**WORK TO COMPLETE**. Using the listing below, please print exactly the lines from the one with "2. Audi R8 Carbon" through the one with "Talbots Brown Donegal Wool FlyAway Sweater". Leave out every picture.

─── PROVIDED MATERIAL

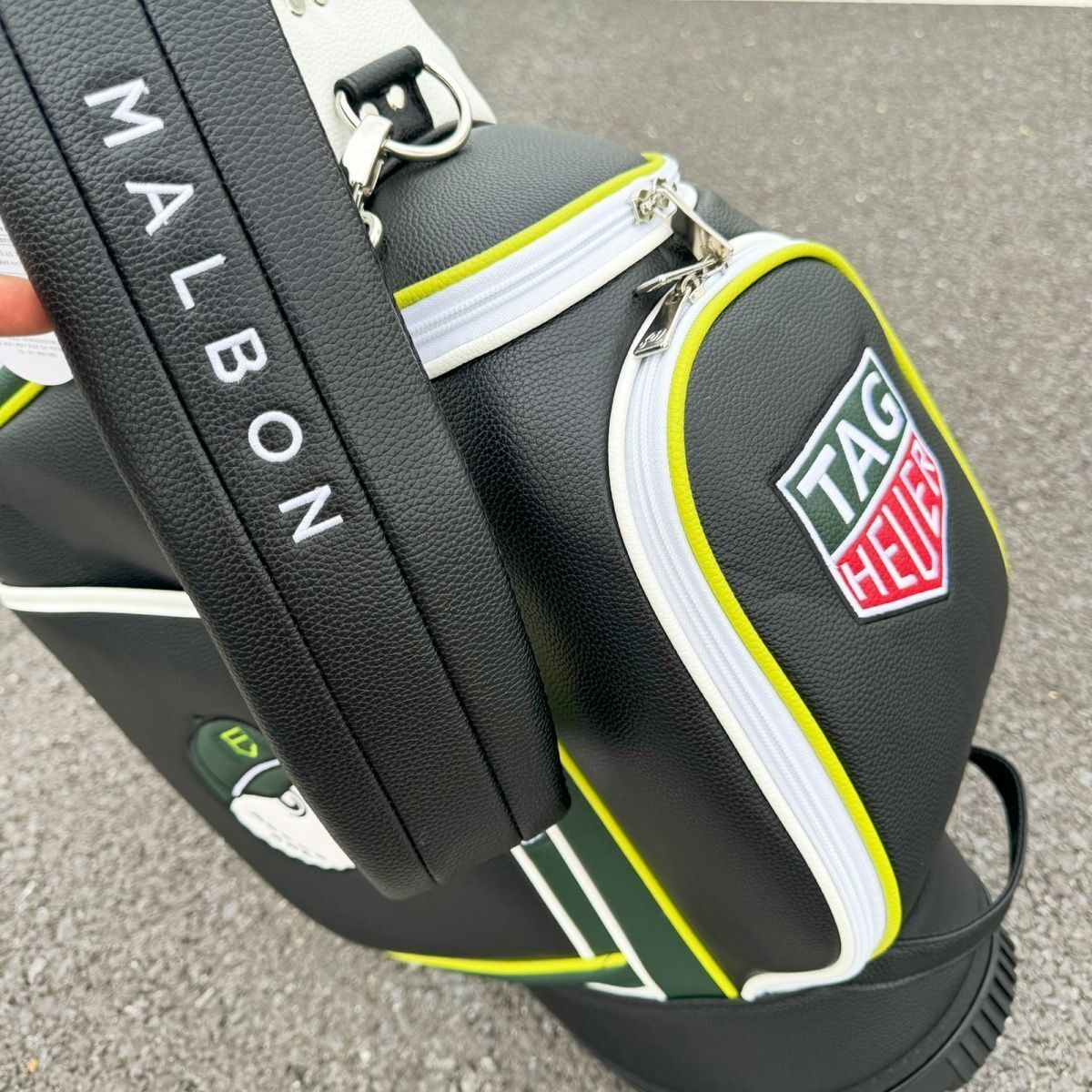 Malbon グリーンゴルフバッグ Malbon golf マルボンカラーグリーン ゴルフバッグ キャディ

──────
─── PROVIDED MATERIAL

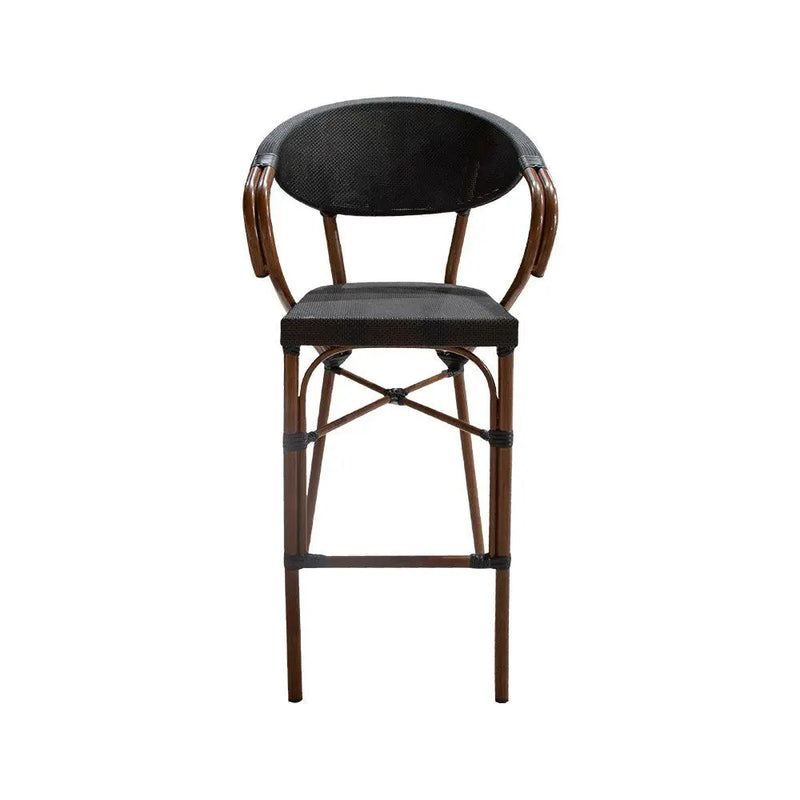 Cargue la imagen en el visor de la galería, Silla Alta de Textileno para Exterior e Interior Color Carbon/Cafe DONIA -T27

──────
─── PROVIDED MATERIAL

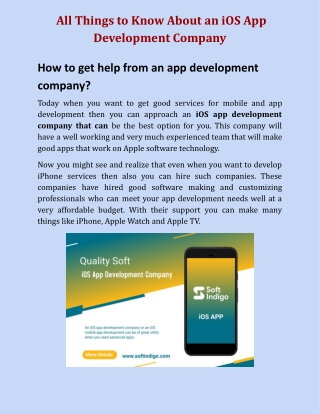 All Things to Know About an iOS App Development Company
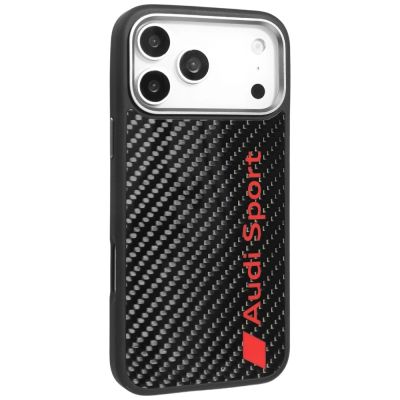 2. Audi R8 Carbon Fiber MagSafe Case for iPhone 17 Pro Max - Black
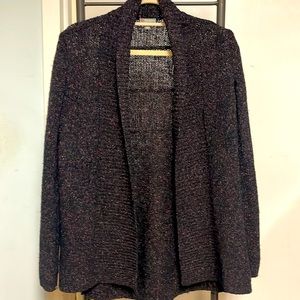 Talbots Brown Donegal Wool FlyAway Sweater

──────

**SOLUTION TO THIS PROBLEM**.
 2. Audi R8 Carbon Fiber MagSafe Case for iPhone 17 Pro Max - Black
 Talbots Brown Donegal Wool FlyAway Sweater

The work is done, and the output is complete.